Microsoft hasn't commented on the exploit. [via NetworkWorld]

by MacNN Staff



  1. climacs

    Joined: Dec 1969


    Windows 8!!!

    Never fear, Windows 8 will be the bestest ever! Really, this time for sure!

    But seriously, is this a real threat? It requires physical access to the computer. There's all sorts of mischief which can be done if one has physical access to a targeted computer.

  1. climacs

    Joined: Dec 1969



    OK it loads when booting up. How does it help to re-boot, then? Even if it is cleared from system memory? Am I missing something here?

  1. Wingsy

    Joined: Dec 1969



    C'mon guys. The attacker has to have physical access to the machine for this to work. You might as well come up with a story that Win7 machines are vulnerable to being picked up and carried away.

    The real stories are the remote exploits. More like those please.

  1. eldarkus

    Joined: Dec 1969



    I came out with a great virus. It's pre-loaded on some RAM i have.. all I have to do is install the RAM in someone's machine and it's mine... as long as they dont restart it!!

  1. DeezNutts

    Joined: Dec 1969



    With physical access you can rig a machine so that everytime it boots you 0wNz it!

    Who would have thought!???

    How is this even news?

  1. climacs

    Joined: Dec 1969


    A new Windows virus

    I have created a trojan which can automatically create a new user account on a computer, delete any and all files, and direct a computer's browser to unsafe sites provided that it has physical access to a targeted computer.

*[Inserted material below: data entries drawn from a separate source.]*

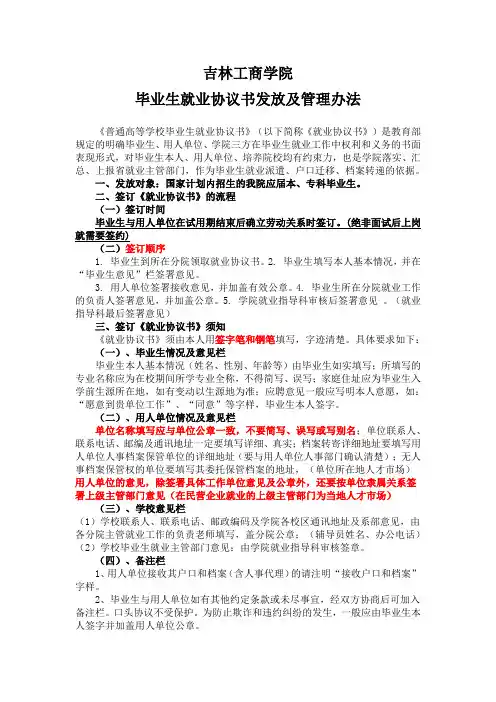 毕业生就业协议书发放及管理办法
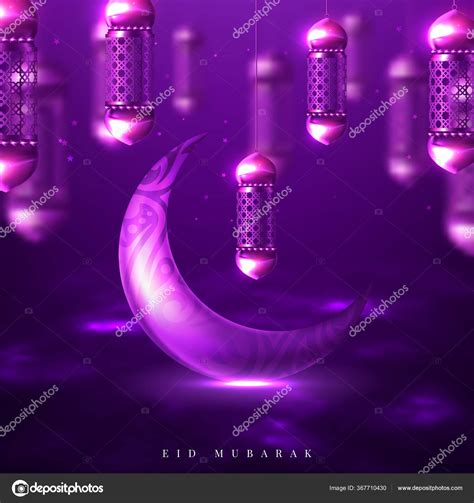 Eid Mubarak Islamic Design Crescent Moon Arabic Calligraphy Vector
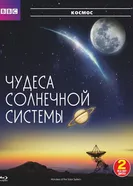 Постер BBC: Чудеса Солнечной системы 2010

    It's called 'a human being'.

  1. hayesk

    Joined: Dec 1969



    This flaw has big impact to corporate users where IT departments need to control the rights employees have on the machines. Imagine a disgruntled employee coming in early, booting up his coworkers' desktop PCs, installing spyware and gathering his coworkers' passwords and other data.

    This is a big deal.

  1. phpmaven

    Joined: Dec 1969


    Complete nonesense

    This is a non-issue. As others have said, this would require physically sitting at the PC and installing a root kit. Also any corporation worth it's salt is going to have it's PCs locked down so that nobody can just sit down and install a root kit.

  1. climacs

    Joined: Dec 1969


    I guess

    these guys had to justify the cost of going to Dubai in order to discuss computer security...

  1. testudo

    Joined: Dec 1969



    How does the software get in system memory to run if the system memory is wiped on boot?

    Sounds like one of those "If someone freezes the memory...." exploits.

    Hey, they're just lucky they didn't do this on a Mac. They'd been creamed. Although they technically didn't do it on a PC, either, they did it in a virtual machine.